### Instructions to follow:
Scan the records below for the line with "viral pic of Potato Sack Pants" and the line with "- EXP: 08/27", and retype that range exactly, both ends included, pictures excepted.

### Records supplied:
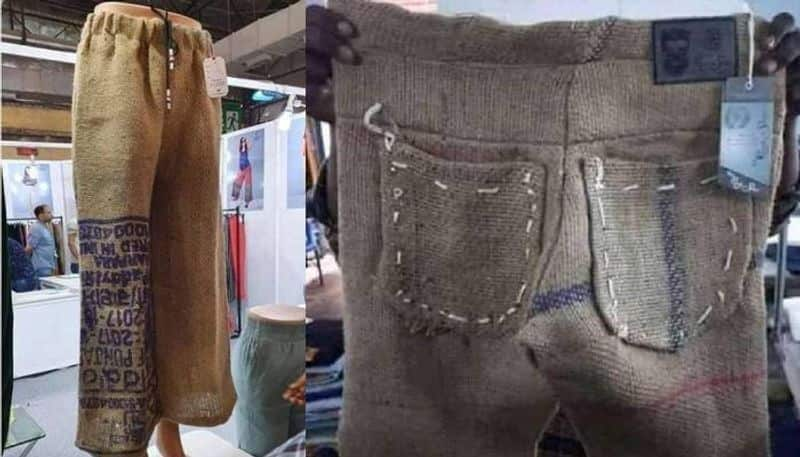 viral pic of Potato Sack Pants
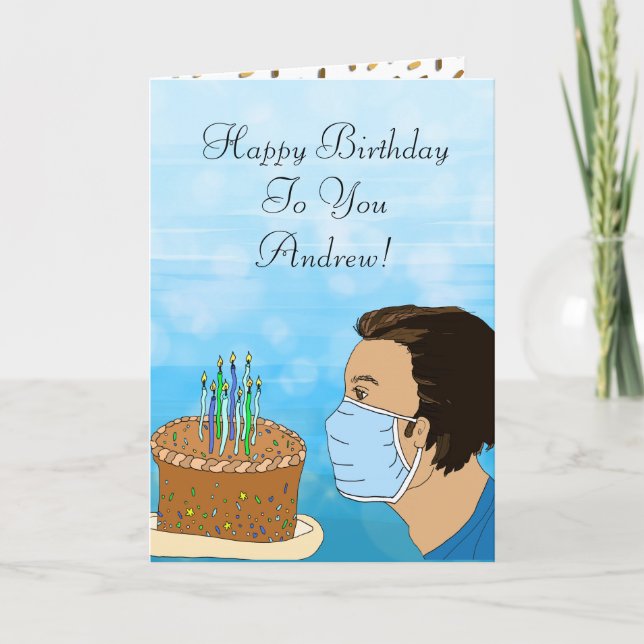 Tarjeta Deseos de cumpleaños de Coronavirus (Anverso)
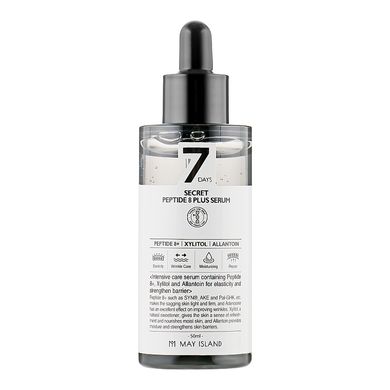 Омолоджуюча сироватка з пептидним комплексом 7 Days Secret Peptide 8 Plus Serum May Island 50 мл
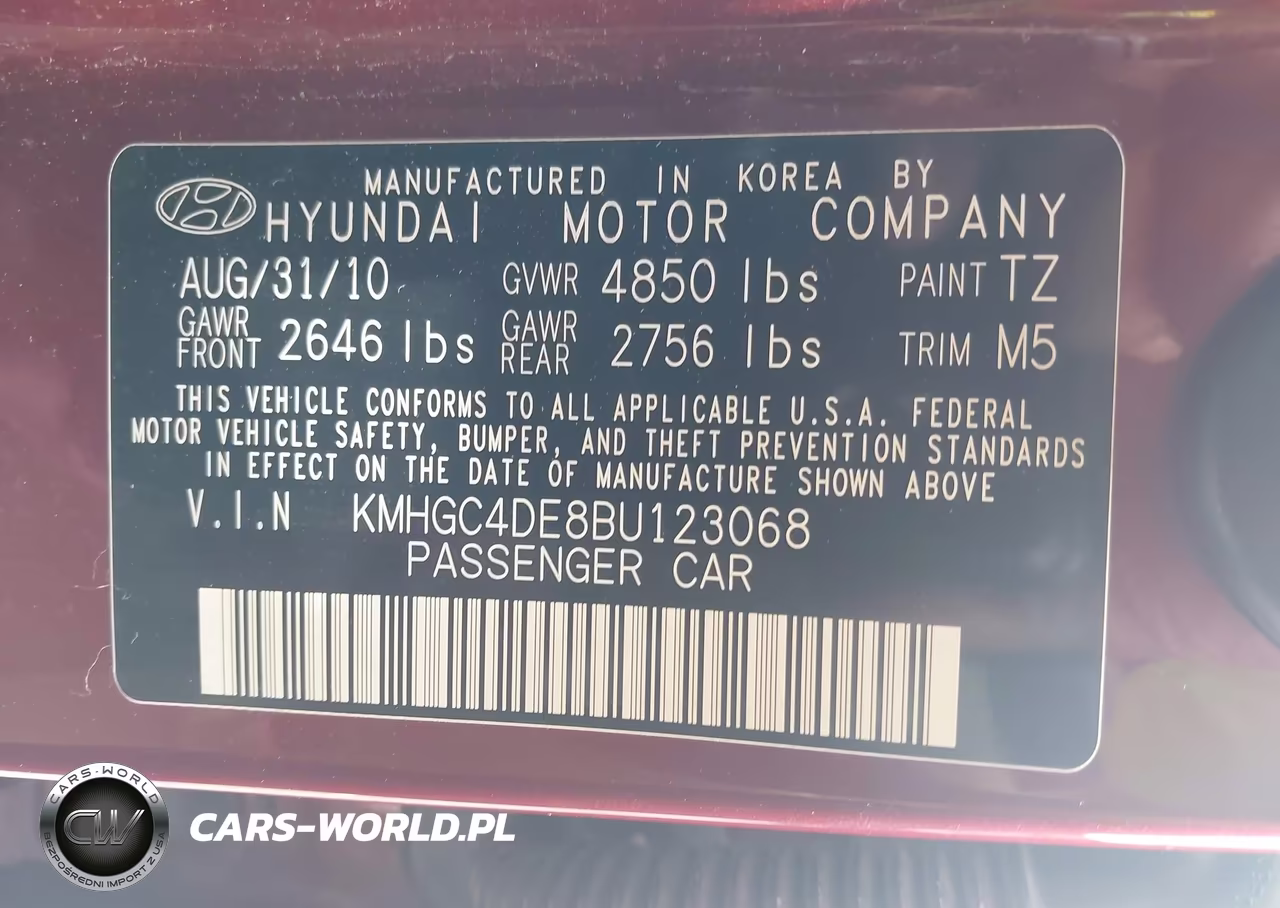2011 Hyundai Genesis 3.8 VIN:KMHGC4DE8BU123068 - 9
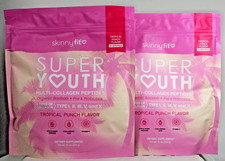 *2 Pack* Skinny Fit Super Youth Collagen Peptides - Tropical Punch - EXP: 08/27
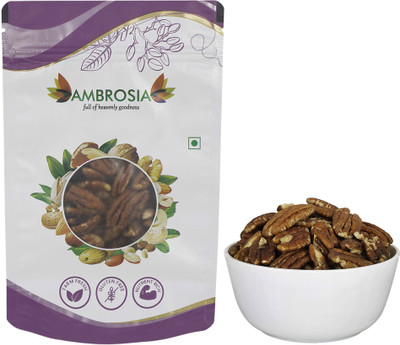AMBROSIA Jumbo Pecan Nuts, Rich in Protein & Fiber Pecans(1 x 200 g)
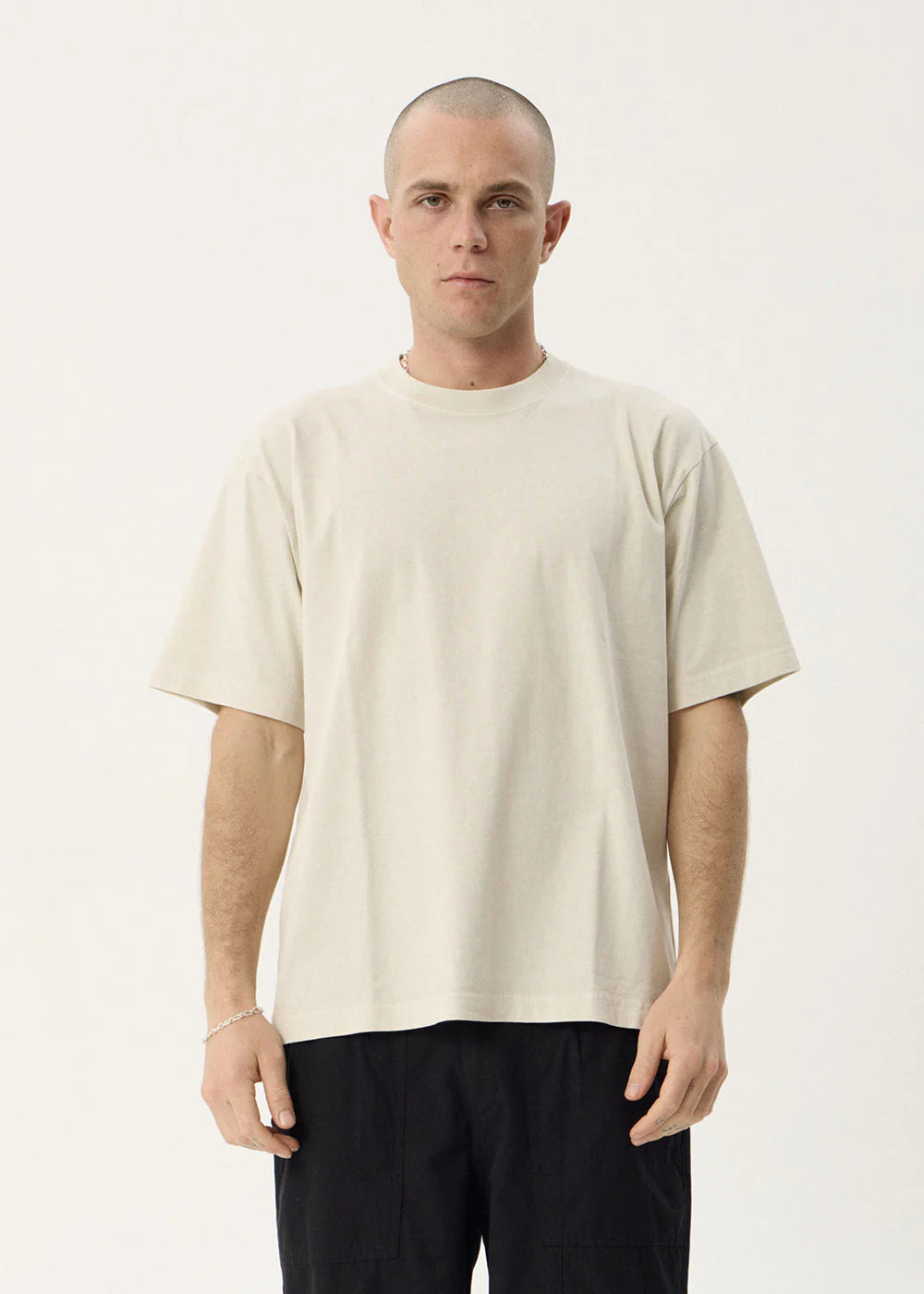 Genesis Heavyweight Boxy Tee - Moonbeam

==

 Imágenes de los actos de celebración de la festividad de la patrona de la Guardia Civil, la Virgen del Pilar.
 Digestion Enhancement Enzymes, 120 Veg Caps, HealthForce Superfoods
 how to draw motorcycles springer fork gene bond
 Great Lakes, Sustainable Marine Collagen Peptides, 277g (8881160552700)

### Exercise response:
 viral pic of Potato Sack Pants
 Tarjeta Deseos de cumpleaños de Coronavirus (Anverso)
 Омолоджуюча сироватка з пептидним комплексом 7 Days Secret Peptide 8 Plus Serum May Island 50 мл
2011 Hyundai Genesis 3.8 VIN:KMHGC4DE8BU123068 - 9
 *2 Pack* Skinny Fit Super Youth Collagen Peptides - Tropical Punch - EXP: 08/27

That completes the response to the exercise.